County Planning Director Karen Sullivan wouldn’t provide a copy of the amended resolution, saying it was “not a final draft.” So it was unclear what verbiage Koutnik was objecting to.
The Climate Smart Community pledge is part of a state effort to incentivize municipalities and counties to become clean-energy communities. But given Koutnik’s pro-environmental positions in the past and his leadership role, other representatives could join him in voting against the resolution in March.
In January, some county reps raised concern the pledge, as then written, might limit economic-development options. Sullivan offered to research how much flexibility was possible in the resolution’s language.
“I was completely in favor the resolution before the meeting today,” Koutnik said. “But the resolution backs off from science, it backs off the seriousness of the crisis, and it talks about belief instead of facts.”
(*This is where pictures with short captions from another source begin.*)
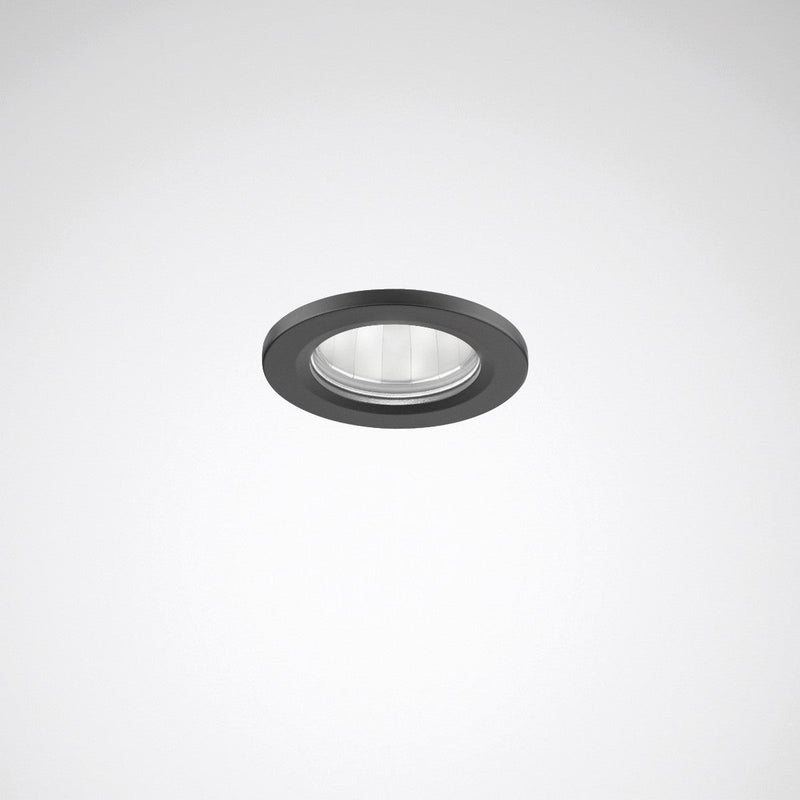Trilux - Downlight/Strahler/Flutlicht LED-Wand-/Deckenleuchte InveriaC110 #8360263 840, BLE, schwarz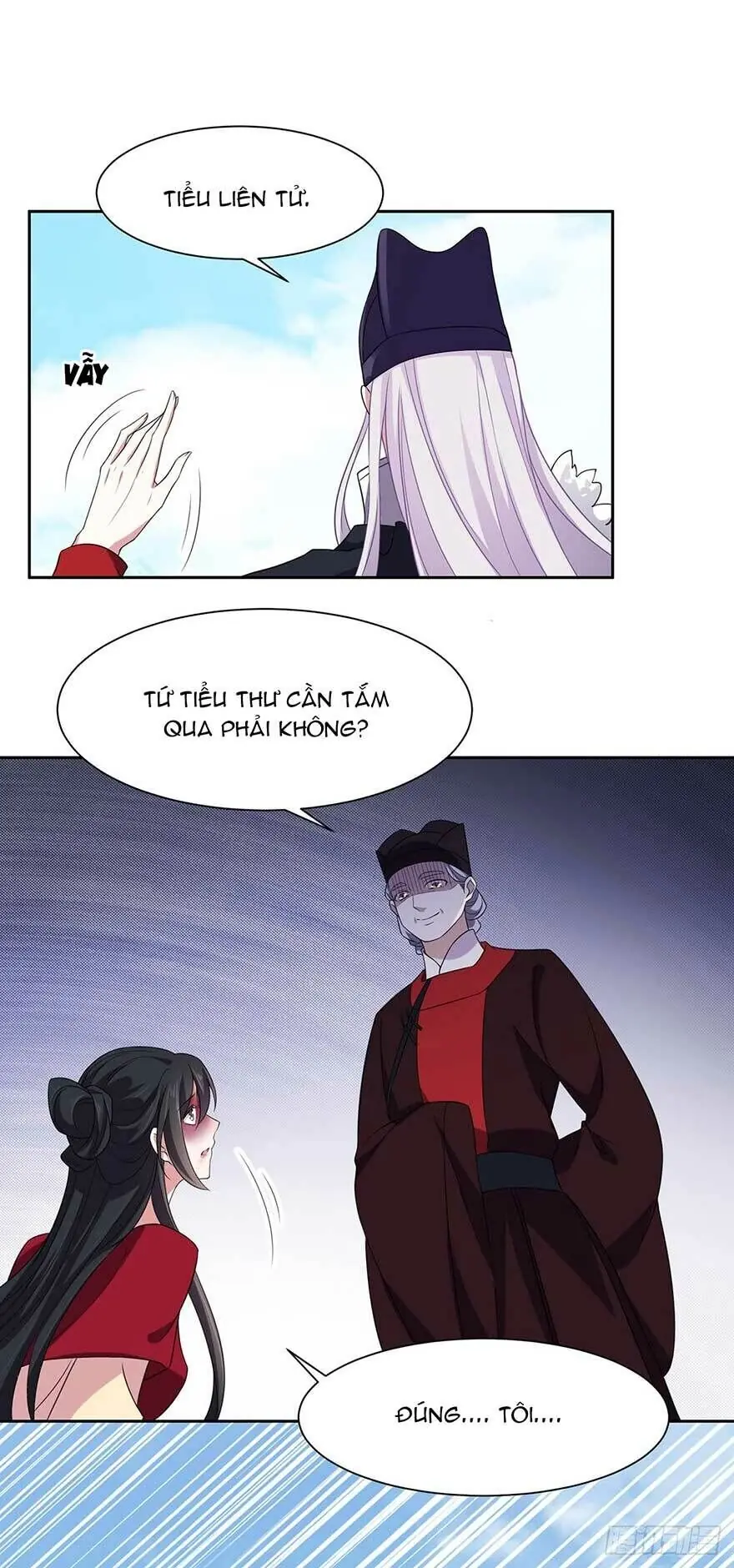 Hoạn Phi Thiên Hạ Chapter 18 - Trang 17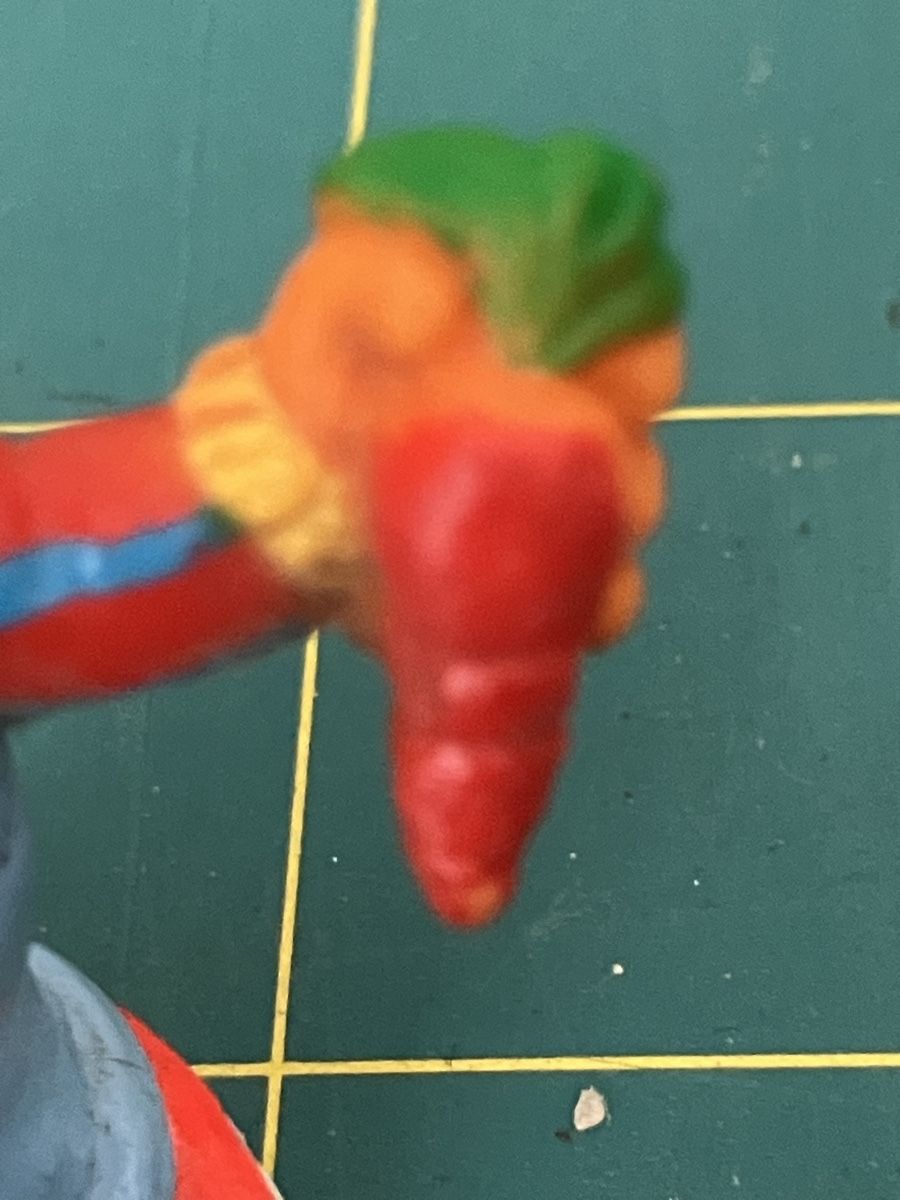 Statuette: Figur Erni – Usato da Bettwiesen venduto da Jumpingfox 8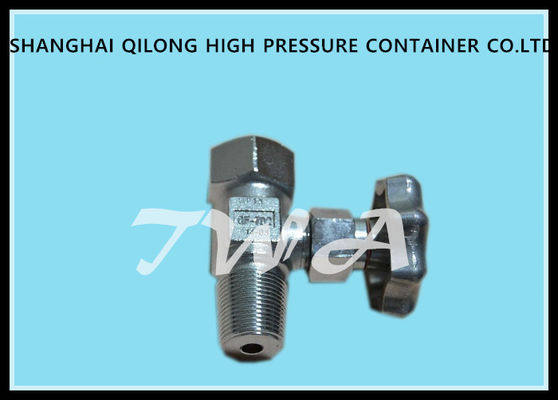중국 실 GB8335 PZ27.8 산소 공기의 압력 안전 밸브 바늘 유형에 의해 연결하는 협력 업체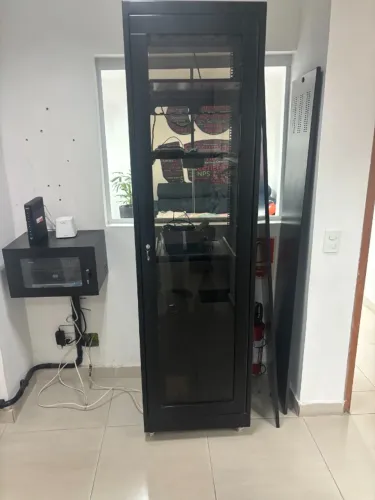 Rack para servidor 2,10x60x58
“There needs to be a record for future generations that it was not unanimously agreed upon,” he concluded before voting no.
If the board adopts the pledge in March, Otsego County will join a growing list of municipalities that have registered as Climate Smart Communities with the state. The state’s Department of Environmental Conservation (DEC) established the program to produce a “network of New York communities engaged in reducing greenhouse gas (GHG) emissions and improving climate resilience,” according to the DEC website.
The Climate Change Pledge is one component of the state’s Clean Energy Community Program, which enables municipalities and counties in New York to receive state grants up to $250,000.
While Koutnik found the resolution’s language compromised too much on the issue of climate change and how to fight it, “yes” voters thought it important to have the board vote on it.
“It’s a testament we’re making a bipartisan approach, one that will show Otsego County in a positive way,” said Rep. Danny Lapin, D-Oneonta.
In addition to Lapin, Committee Chair Kevin McCarty, R-Springfield, Meg Kennedy, C-Mount Vision, and Michelle Farwell, D-Morris voted to send the resolution to the board.
To join the network and become a registered Climate Smart Community, an entity’s governing body “must adopt a resolution that includes…ten elements of the pledge and submit the resolution” to the state, according to DPEC’s website.
Local communities that have already adopted the pledge are the City of Oneonta, the Village of Cooperstown and the towns of Hartwick, Otsego, Richfield and Roseboom.